2. The method of claim 1, wherein: concentration of the first polymer in the first solution is between 5 and 35 percent by weight; the second solvent comprises a mixture of dimethylformamide (DMF) and acetone; and concentration of DMF in the second solvent is between 75 and 85 percent by weight.

3. The method of claim 2, wherein viscosity of the first solution is between about 1 and about 50 Pa*s.

4. The method of claim 2, wherein the DC electric field used in the step of electrospinning the solution is 0.9 kV/cm and 1.3 kV/cm.

5. The method of claim 2, wherein the step of collecting is performed so that thickness of the separator is between 10 m and 30 m.

6. The method of claim 1, wherein the step of depositing onto the carbon powder comprises depositing onto the carbon powder one or more of oxides of metals selected from the group consisting of Mn, Fe, Co, Ni, V.

7. A method of making an electrochemical double layer capacitor, the method comprising: a. manufacturing the component in accordance with claim 1; b. providing a second half-cell; and c. combining the component, the second half-cell, and electrolyte to obtain the electrochemical double layer capacitor.

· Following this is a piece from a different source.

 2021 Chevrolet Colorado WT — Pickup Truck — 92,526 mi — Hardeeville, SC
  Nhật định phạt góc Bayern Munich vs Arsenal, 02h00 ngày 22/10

8. A method of making a hybrid supercapacitor, the method comprising: a. manufacturing the component in accordance with claim 1; b. providing a second half-cell; and c. combining the component, the second half-cell, and electrolyte to obtain the hybrid supercapacitor.

9. A method of making an electrical energy storage device, the method comprising: a. manufacturing the component in accordance with claim 1; b. providing at least one other component; and c. combining the component and the at least one other component to obtain the electrical energy storage device.

10. The method of claim 9, wherein the electrical energy storage device is at least one of Li-ion capacitor, Li-ion electrochemical electrical energy storage device, Na-ion capacitor, Na-ion electrochemical electrical energy storage device, and polymer electrolyte fuel cell energy storage device.

11. The component manufactured in accordance with the method of claim 1.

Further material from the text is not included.